# Screenwriting Programs



## Celine (Jul 27, 2012)

What are some of the pros and cons to the screenwriting programs? It does not matter what university because I have a list of about 21 schools and any school is welcomed to be mentioned even international schools.

Also which film schools let you learn more than just screenwriting. I heard if you are in AFI if you are in screenwriting they do not let you take anything else and they seem to favor the other disciplines more than screenwriting. Also someone said AFI continually asked for money while in the screenwriting program any thoughts on this?


----------



## Brice88 (Jul 27, 2012)

> Originally posted by Celine:
> I heard if you are in AFI if you are in screenwriting they do not let you take anything else and they seem to favor the other disciplines more than screenwriting. Also someone said AFI continually asked for money while in the screenwriting program any thoughts on this?



I'm about to begin my second year in the screenwriting program at AFI.

Taking other disciplines' classes (which I assume is what you mean by "anything else"): plenty of screenwriters sit in on classes for producing, directing, and even cinematography.  Of course you should focus on your required screenwriting courses first, but I'm not aware of any situations where my classmates were prohibited from attending non-screenwriting classes.

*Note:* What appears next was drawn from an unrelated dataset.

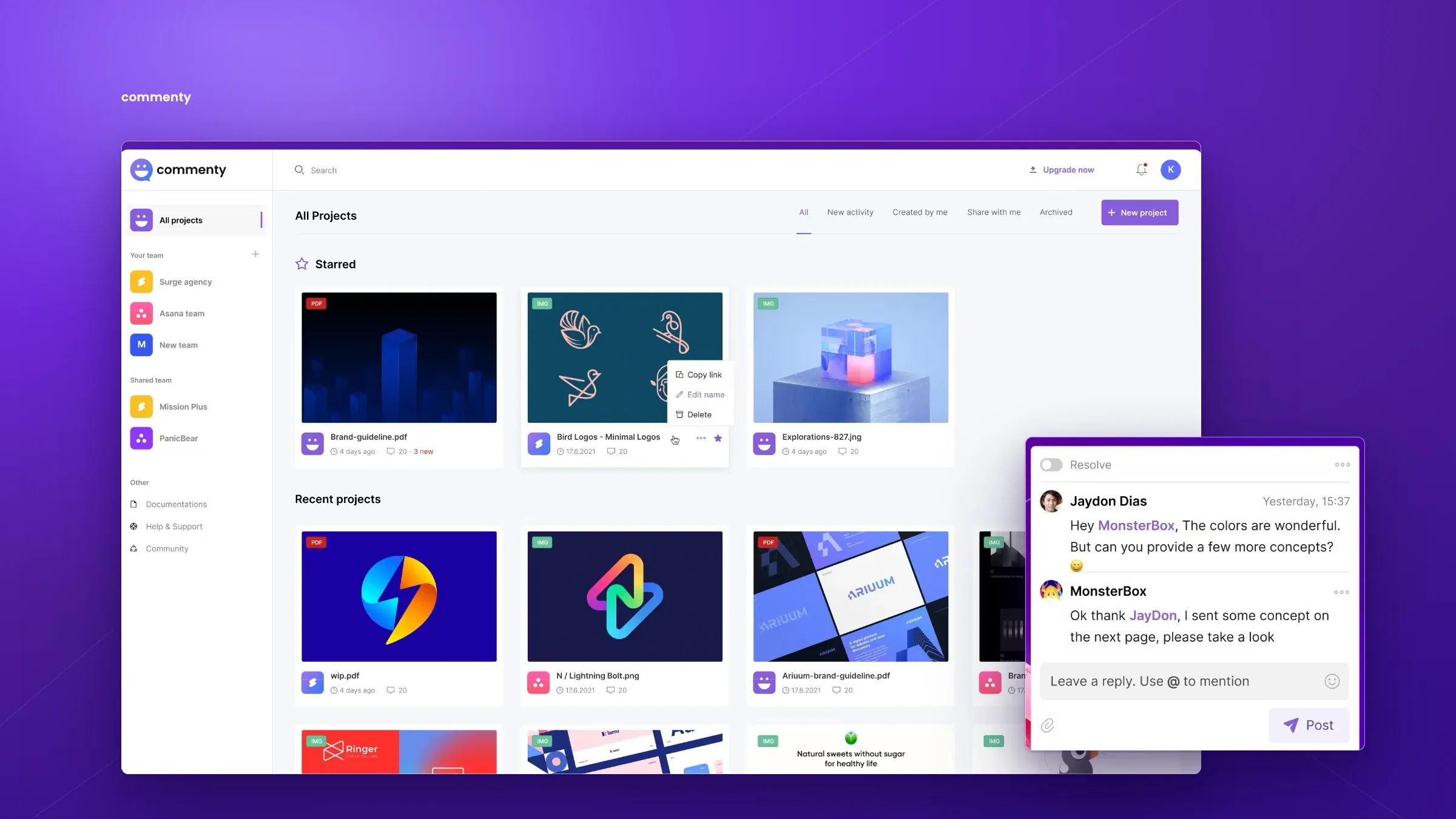The Commenty workspace on the product’s violet: a grid of design files with their comment counts, and a comment thread open over it.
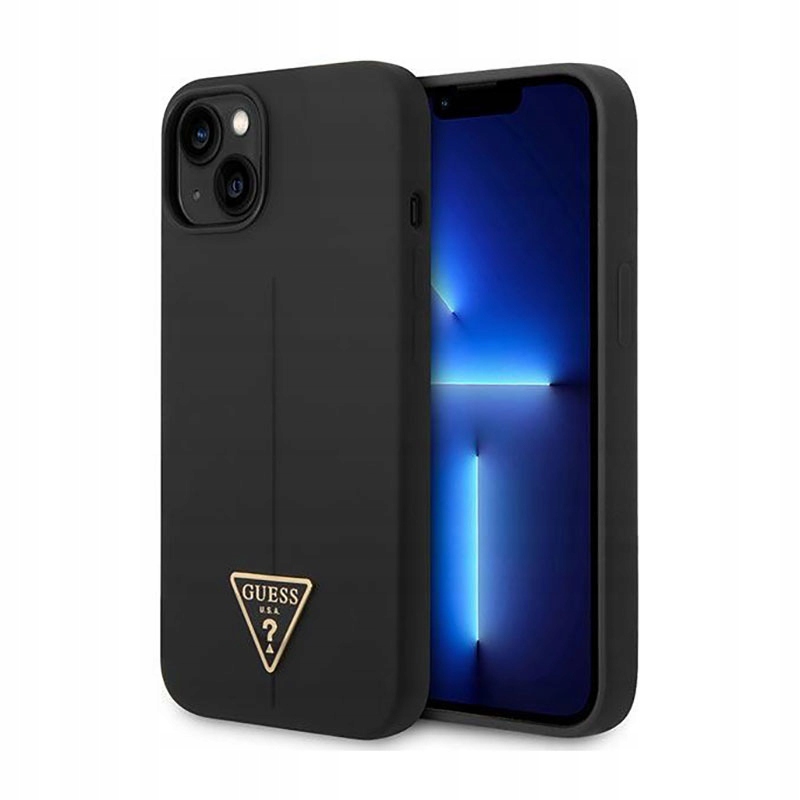 Guess Silicone Triangle Logo Pouzdro pro iPhone 14 Plus (černé)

Favoring the other disciplines: that's a complicated question but the proverbial totem pole at AFI reflects how it is in the real world, which is to say that directors are more powerful than screenwriters when it comes to making movies (tv is a different story).  That's just the way it is and actually I'm glad I have experienced this at AFI, rather than having to wait until I go into the real world to see it.

Asking for money: besides my tuition, the school has never done it.


----------



## Drufur (Aug 3, 2012)

Hey Brice, I am planning on applying to the AFI screenwriting program in the coming months. Do you have any advice to a would-be student? Also, I'm 35 and wondering if there are any students near my age there?

Thanks


----------



## Brice88 (Aug 3, 2012)

As far as applying, I'm sure it's obvious but make sure your application conveys who you are as a person and how it impacts the stories you want to tell.  Your narrative statement and writing sample are what count the most, so you should start working on them well in advance.  There is no guarantee for getting in but if those two materials are very strong then you have a good shot.  

Age isn't a huge deal.  The oldest people in my class are 33, but there have been recent fellows older than 35 and there are current fellows in the other disciplines who are in their late 30s and early 40s.  No one will hold age against you - you are evaluated on your work and work ethic.

Let me know if you have additional questions and good luck with your application!


----------



## eggparanoia (Apr 2, 2015)

_


Brice88 said:



			I'm about to begin my second year in the screenwriting program at AFI.

Taking other disciplines' classes (which I assume is what you mean by "anything else"): plenty of screenwriters sit in on classes for producing, directing, and even cinematography.  Of course you should focus on your required screenwriting courses first, but I'm not aware of any situations where my classmates were prohibited from attending non-screenwriting classes.

Favoring the other disciplines: that's a complicated question but the proverbial totem pole at AFI reflects how it is in the real world, which is to say that directors are more powerful than screenwriters when it comes to making movies (tv is a different story).  That's just the way it is and actually I'm glad I have experienced this at AFI, rather than having to wait until I go into the real world to see it.

Asking for money: besides my tuition, the school has never done it.
		
Click to expand...

_
Hey there!

I'm assuming you completed your 2nd year at AFI and are now in the real world of screenwriting. Congratulations on just that brave achievement alone! 

I am just starting that journey now. I was accepted into two programs for this fall: Columbia (Directing/Screenwriting) and AFI (Screenwriting). I'm mostly interested in TV writing. (Dream job: _Transparent_.) Columbia will offer more auteur-ial opportunities, but AFI offers the chance to focus on just writing mostly screenplays but it's where the action is. What advice might you have for someone in my fortunate quandary?


----------